**TASK:** Work through the data below line by line and say how many lines hold "Invitation"; give only the number.

(Stored data entries)

===

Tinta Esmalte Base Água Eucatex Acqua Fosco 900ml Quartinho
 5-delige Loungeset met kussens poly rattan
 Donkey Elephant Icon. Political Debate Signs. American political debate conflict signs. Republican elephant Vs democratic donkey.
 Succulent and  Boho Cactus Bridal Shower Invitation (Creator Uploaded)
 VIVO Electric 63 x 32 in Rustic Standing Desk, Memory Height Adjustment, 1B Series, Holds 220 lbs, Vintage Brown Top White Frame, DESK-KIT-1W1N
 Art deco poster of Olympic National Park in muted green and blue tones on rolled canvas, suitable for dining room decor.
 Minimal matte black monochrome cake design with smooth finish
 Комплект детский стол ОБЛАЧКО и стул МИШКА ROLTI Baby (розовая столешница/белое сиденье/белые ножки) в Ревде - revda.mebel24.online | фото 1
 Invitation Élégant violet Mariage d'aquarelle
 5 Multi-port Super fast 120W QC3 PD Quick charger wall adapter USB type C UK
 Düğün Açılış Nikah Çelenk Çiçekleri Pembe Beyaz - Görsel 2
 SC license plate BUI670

===

**RESPONSE TO THIS EXERCISE:** 2